Denn wer sich wie jener Mann, der sich rechtfertigen wollte, Gedanken über die Würdigkeit der Anderen macht, der steckt im Gericht fest und ist daher unfähig geworden, selbst Nächstenliebe zu üben. Und weil er das nicht tut, befindet er sich im Tod und nicht im Leben. Über ihm ist der Fluch des Todes verhängt, weil er das Gericht führt gegen seine Mitmenschen. 

Daraus können wir für uns selbst lernen, dass es uns tötet, wenn wir über andere Menschen ein Gericht anzetteln. Denn Jesus hilft ja diesem Menschen, der das Gericht anzettelt, indem er ihm die Liebe gewährt, ihn in die Wahrheit einzuführen, obwohl dieser Widerspruch leistet. Da Jesus aber nicht prüft, ob das Gegenüber würdig ist, sondern statt dessen einfach Hilfe leistet, wird er zu demjenigen, von dem wir Nächstenliebe lernen können.

Bei uns selbst sollen wir suchen. Sind wir denn in der Liebe? Lieben wir Gott mit aller Kraft? Übertragen wir diese Liebe auf die Menschen, denen wir begegnen und an die wir denken? Oder fallen wir aus der Liebe, indem wir ein Gericht eröffnen, ob diese wohl richtig lieben?

Wer also liebt, der richtet nicht darüber, ob der andere liebt, sondern liebt einfach, weil er das Gebot des Herrn halten will und sich dazu entschlossen hat, Gott zu folgen. Da stellt sich nicht mehr die Frage, ob es die anderen Menschen verdient haben. 

Unsere Liebe erkaltet sofort, wenn wir uns darauf fokussieren, was der andere wohl alles getan hat, damit er jetzt verworfen ist und kein Nächster mehr ist. Denn für uns sollen sogar die Feinde der Liebe würdig sein. Wir wollen auch ihnen die Liebe gewähren, weil es an uns liebt sie zu lieben und nicht an ihnen liegt, uns zu lieben, damit wir sie dann auch lieben. 

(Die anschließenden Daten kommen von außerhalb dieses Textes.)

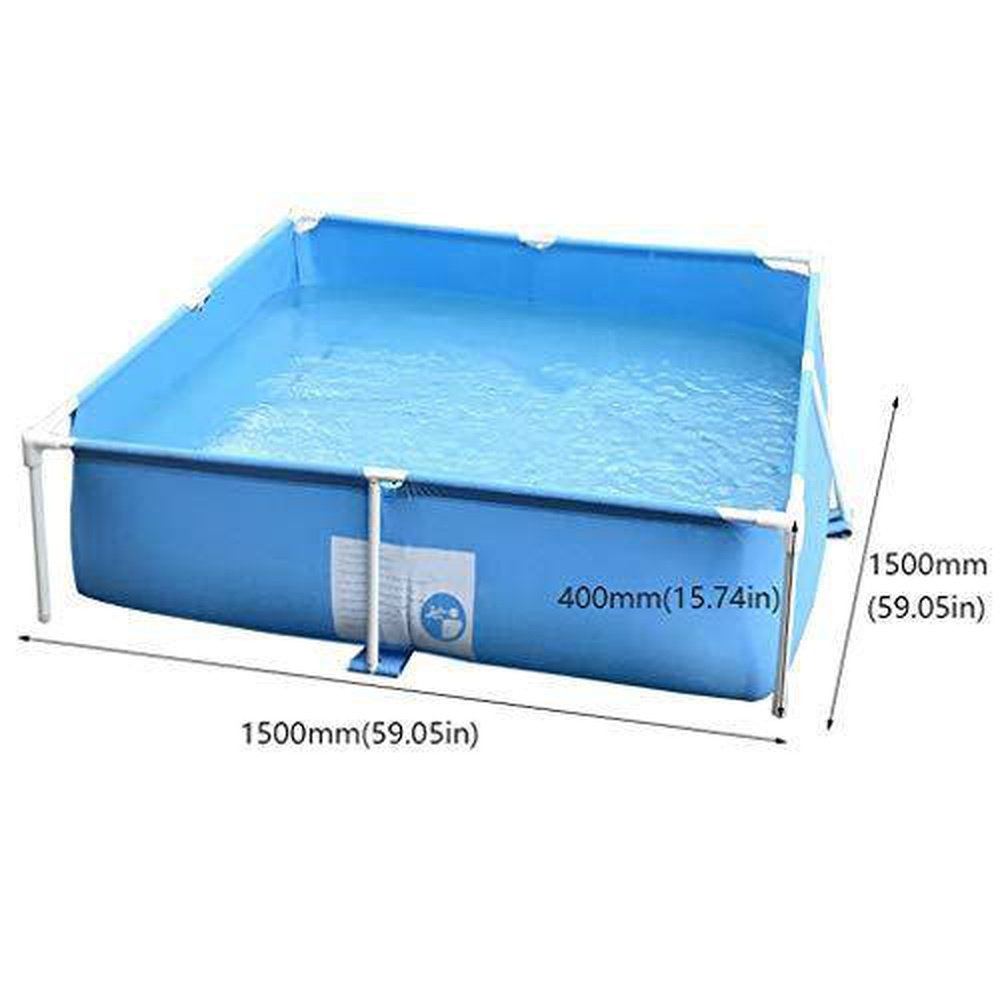 WenFei shop Mini Swimming Pool,59.05×15.74 inches Metal Frame Pool Rec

Jesus zerschlägt die Idee, dass man prüfen müsse, wer unser Nächster ist und ersetzt sie durch die Wahrheit, dass wir dafür verantwortlich sind, der Nächste zu sein unseren Mitmenschen gegenüber.

Ferner sagte Jesus, dass die Gebote der Gottesliebe und das Gebot der Nächsten- und Selbstliebe identisch sind.

Das lässt sich eigentlich ganz einfach verstehen, doch die Sünde hindert den Menschen dies einsehen zu wollen. Die Sünde ist nämlich gegen die Liebe gerichtet und sucht nach eine Spaltung und Trennung von Gott und von anderen Menschen, sogar von seiner eigenen Seele. Die Liebe aber sucht nach der Einheit mit Gott, mit dem Nächsten und mit sich selbst in seiner ewigen Seele.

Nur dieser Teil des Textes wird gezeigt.